_YOUR ASSIGNMENT:_
Using the data below, transcribe exactly everything from the line that contains "bratwurst from nuremberg" down to the line that contains "Produktbild: Vorsfelde (Wandkalender". Include both of those lines and none of the pictures.

_ENTRIES SUPPLIED:_

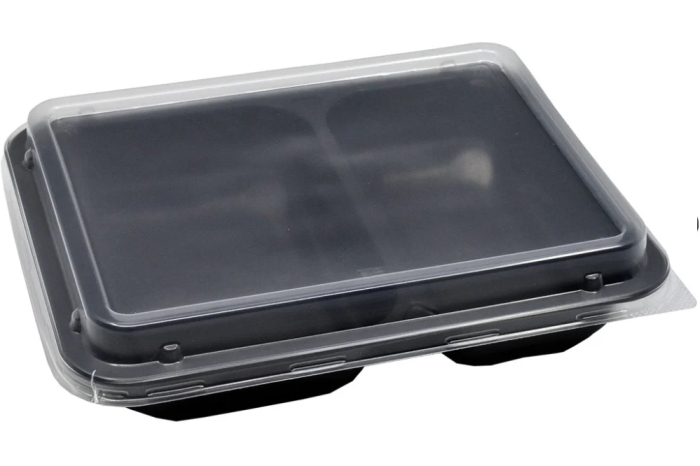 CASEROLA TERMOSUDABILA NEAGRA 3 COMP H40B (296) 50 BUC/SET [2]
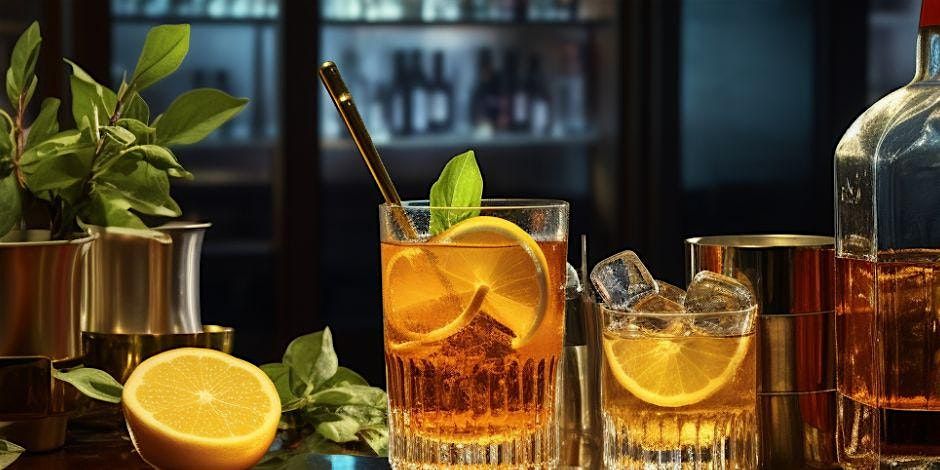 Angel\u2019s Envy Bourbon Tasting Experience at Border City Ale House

---

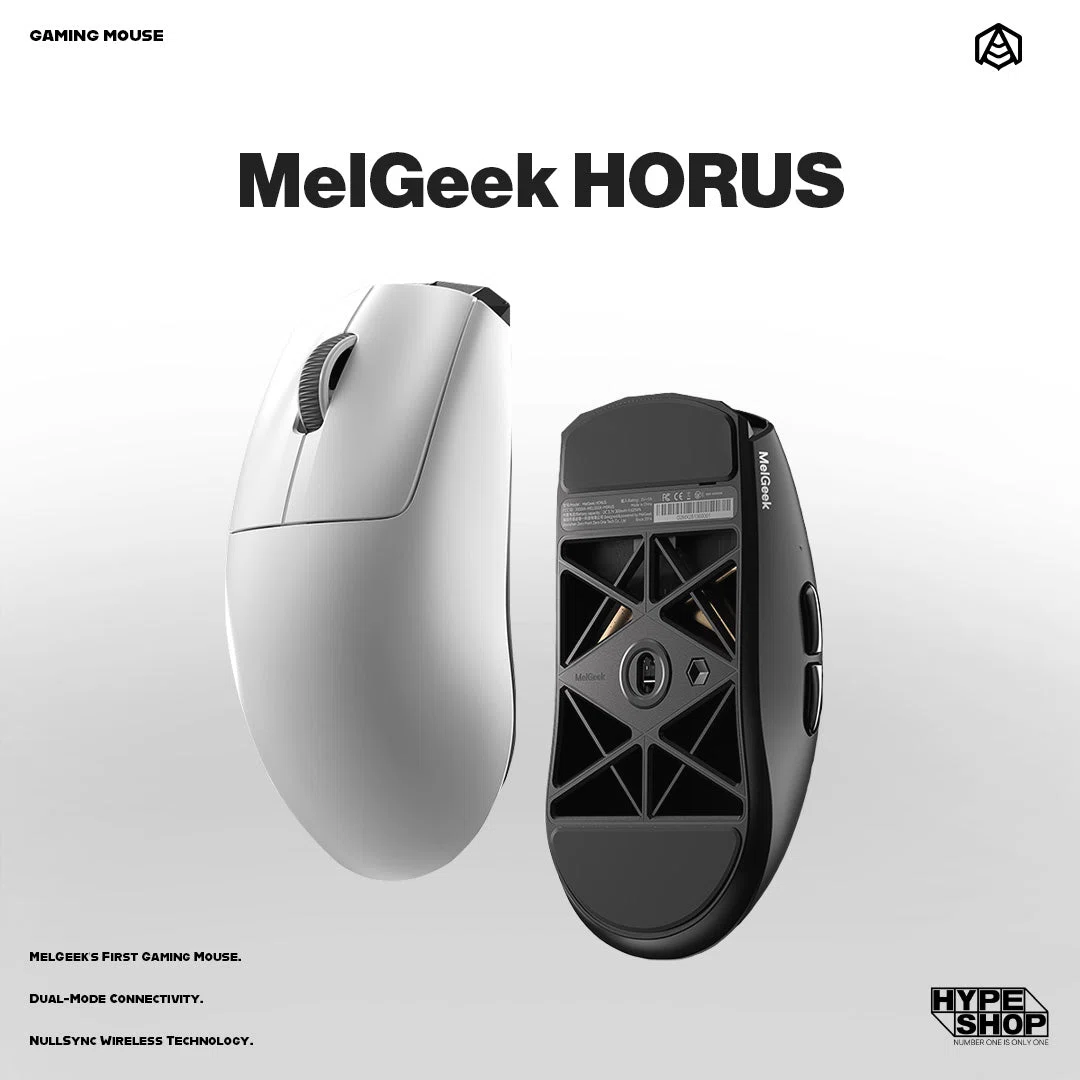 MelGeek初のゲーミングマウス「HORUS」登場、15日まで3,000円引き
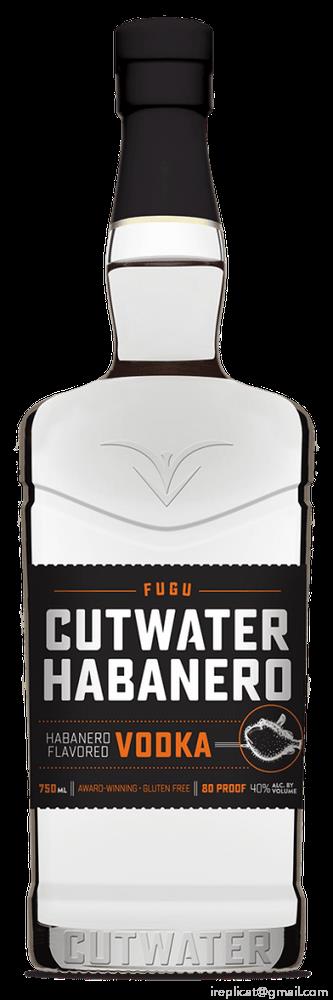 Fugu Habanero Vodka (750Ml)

...

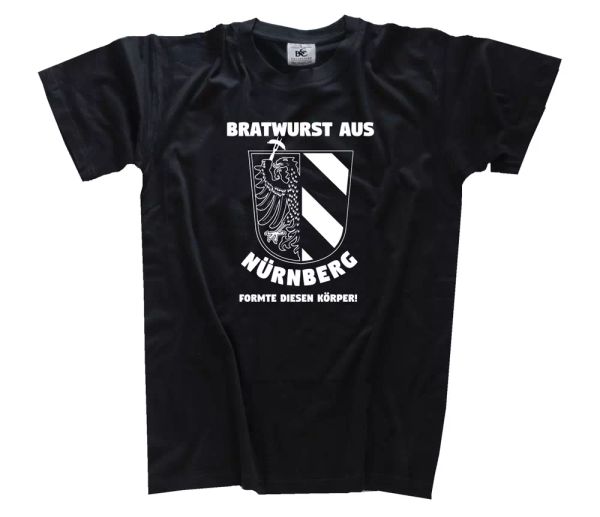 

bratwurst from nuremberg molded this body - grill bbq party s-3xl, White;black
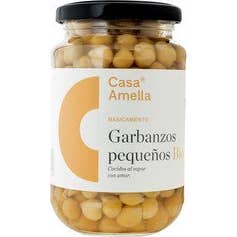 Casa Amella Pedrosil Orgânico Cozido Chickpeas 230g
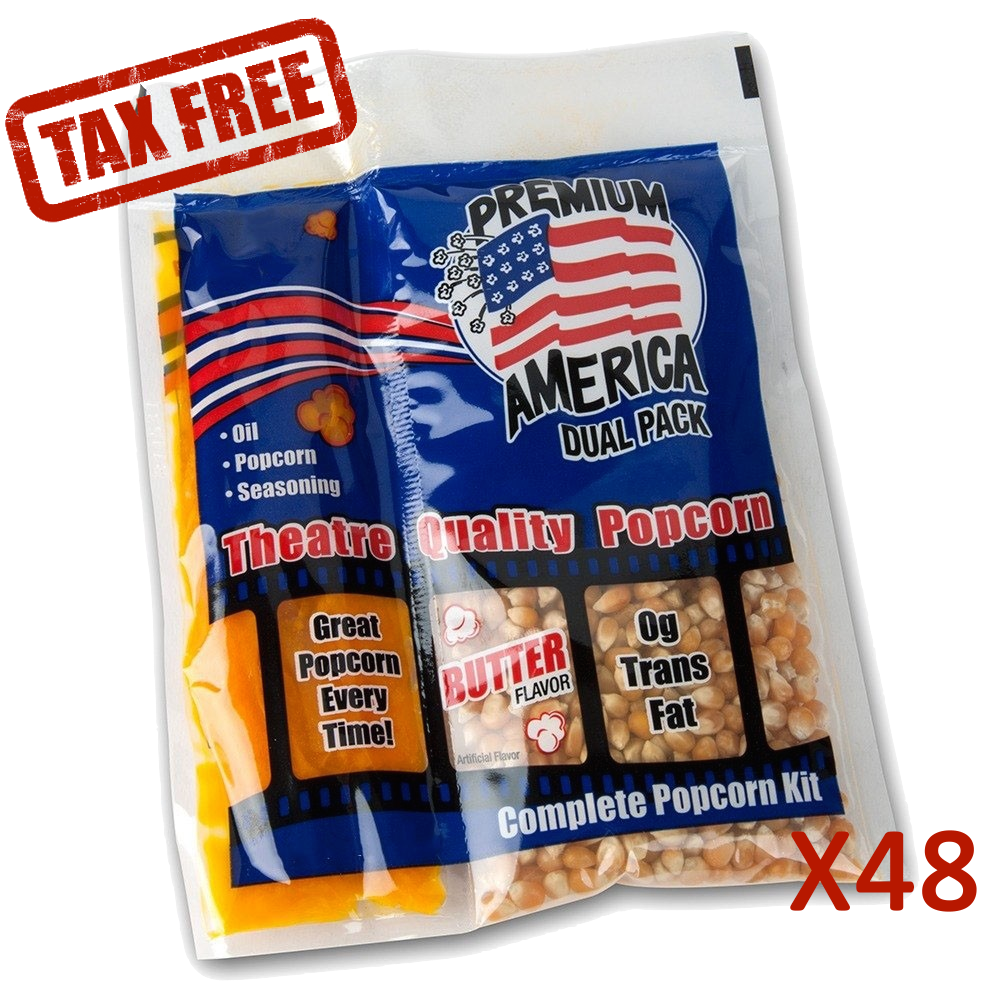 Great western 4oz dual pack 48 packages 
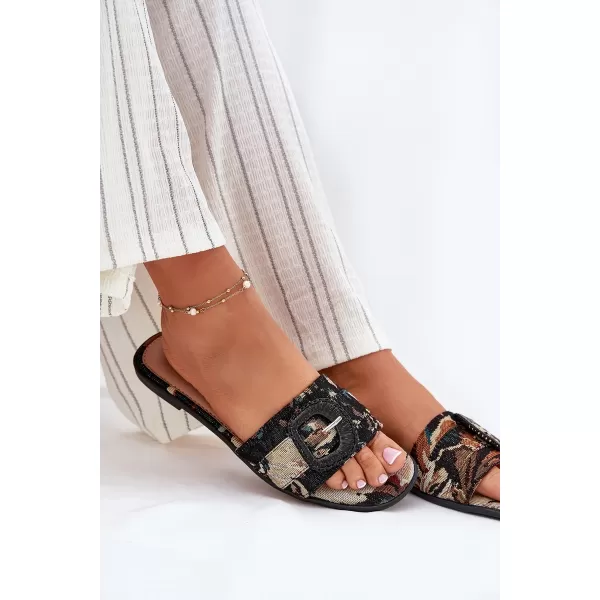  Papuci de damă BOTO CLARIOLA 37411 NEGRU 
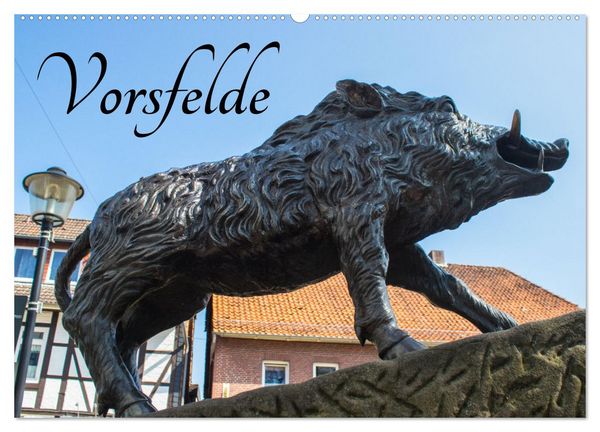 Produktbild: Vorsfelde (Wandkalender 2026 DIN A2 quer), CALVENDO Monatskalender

_FINISHED TASK:_
bratwurst from nuremberg molded this body - grill bbq party s-3xl, White;black
 Casa Amella Pedrosil Orgânico Cozido Chickpeas 230g
 Great western 4oz dual pack 48 packages 
  Papuci de damă BOTO CLARIOLA 37411 NEGRU 
 Produktbild: Vorsfelde (Wandkalender 2026 DIN A2 quer), CALVENDO Monatskalender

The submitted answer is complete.